The DigitalMicrograph reader was already parsing metadata for EELS and EDS, so I thought it makes sense to add the functionality for CL metadata there as well.

from lumispy.

jlaehne avatar jlaehne commented on August 18, 2024

The longterm aim for HyperSpy is that all the IO functions will move to an extension package at some point.

For me it makes more sense to handle the metadata when the file is loaded, otherwise one has to run an extra function on the data, or we again need a wrapper for the load function, no?

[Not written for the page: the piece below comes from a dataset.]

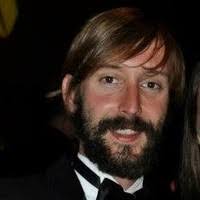 30+ "Gurley" profiles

However, I do not know how it is for the reader that you use, could the metadata parsing be added there?

Despite the search functionality, we should in any case try to stick to some basic conventions where to save the essential metadata in the tree.

from lumispy.

jordiferrero avatar jordiferrero commented on August 18, 2024

The loader I use is for .sur files mainly.
That one parses all the s.original_metadata very nicely.
However, it is in my opinion a bit annoying to have to go back to the original metadata every time I need a value (because it has too many values).

That was the idea of my comments.

My question is: where should the metadata parsing from original metadata --> metatadata function be placed? In the IO reader?

On a side, I feel there is no convention on how to organise metadata for luminescence.
Hyperspy already has the Acquisition_instrument.SEM structure declared. But what is common about any luminescence data are the Spectrometer and Camera acquisition instruments.
Should we think of a structure for those 2 pieces of instruments?

Based on the SEM structure in hyperspy...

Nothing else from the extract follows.